INSTRUCTIONS TO FOLLOW -
Output only the lines from the line holding "Dayton Tracking" through the close of the records, exactly as they appear, with all pictures omitted.

GIVEN ENTRIES -
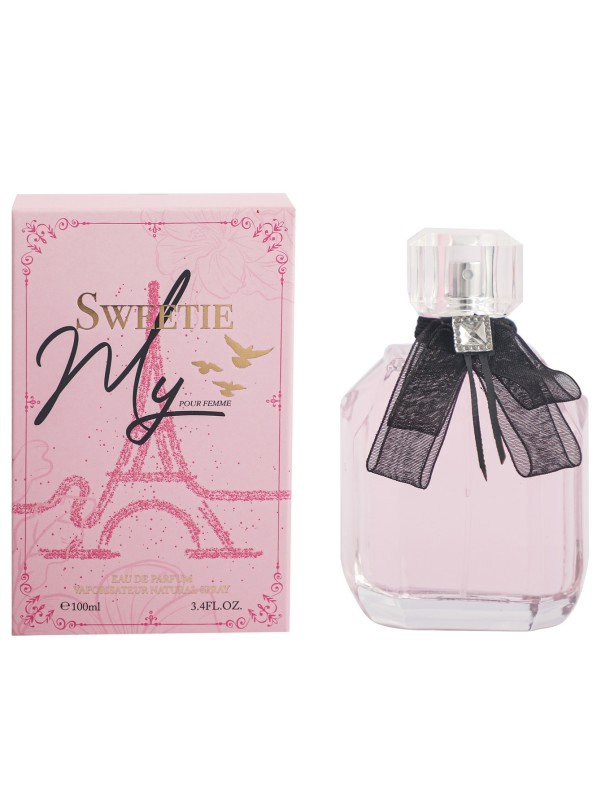 SWEETIE MY POUR FEMME - inspired by  YSL Yves Saint Laurent Mon Paris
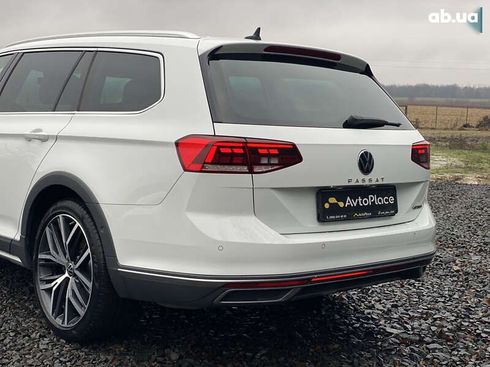 Volkswagen passat alltrack 2020 - фото 22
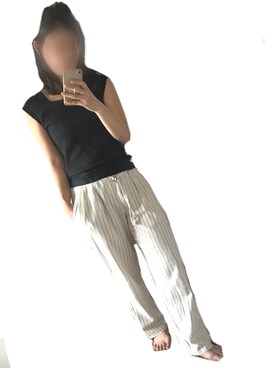 うにか30さんのコーディネート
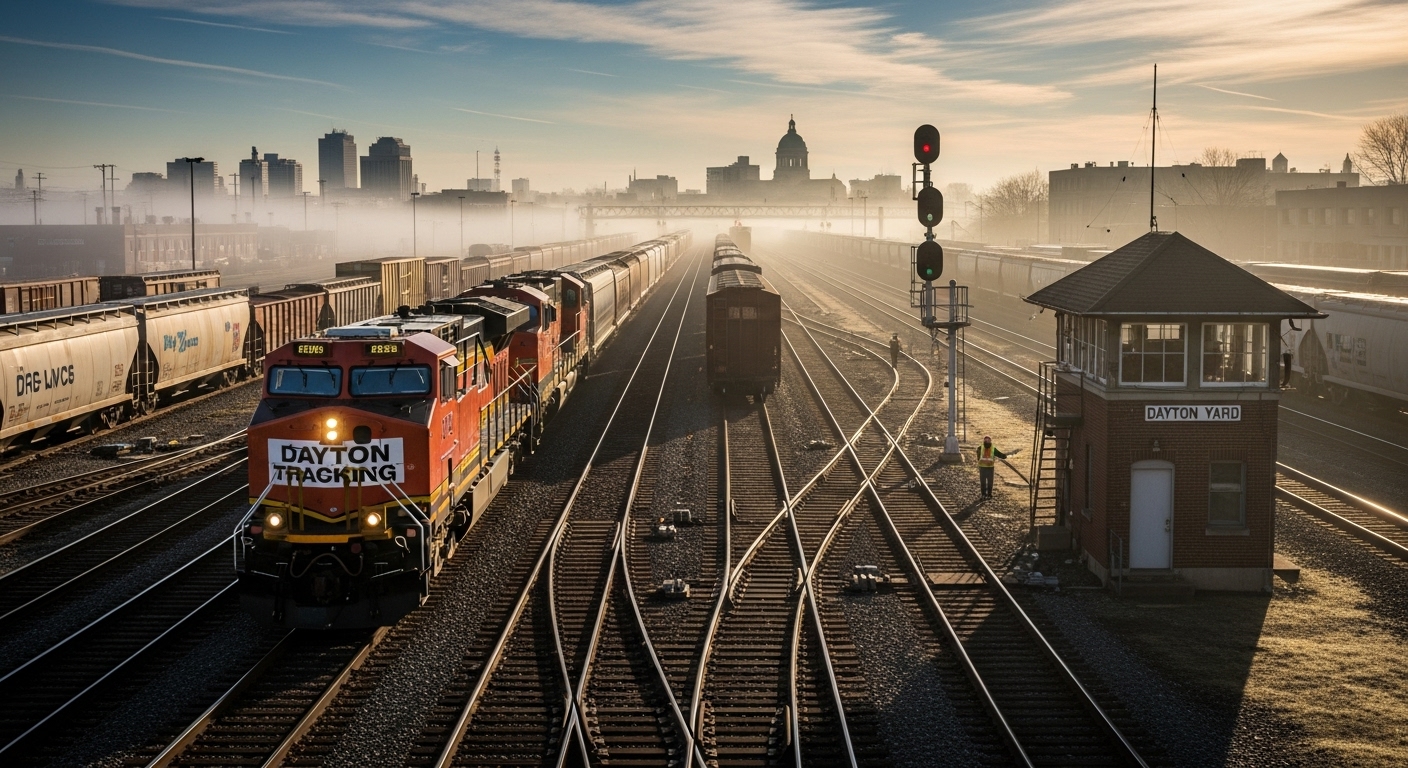 Dayton Tracking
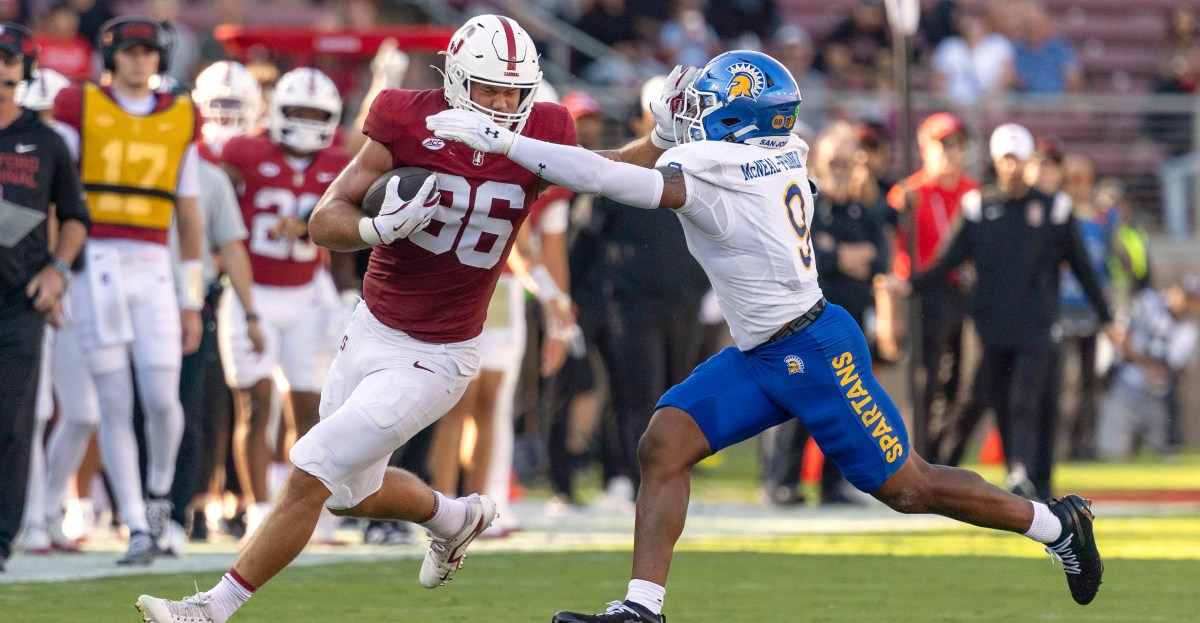 2026 NFL Draft: Sam Roush can round out Raiders’ tight end room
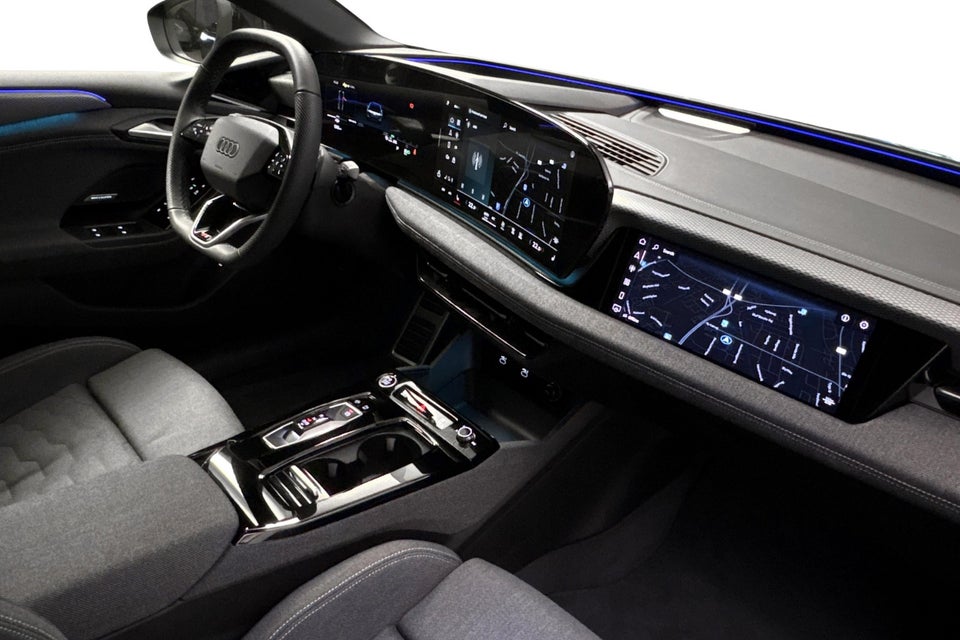 Audi A6 e-tron Ultra performance Sportback 5d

WORKED SOLUTION -
 Dayton Tracking
 2026 NFL Draft: Sam Roush can round out Raiders’ tight end room
 Audi A6 e-tron Ultra performance Sportback 5d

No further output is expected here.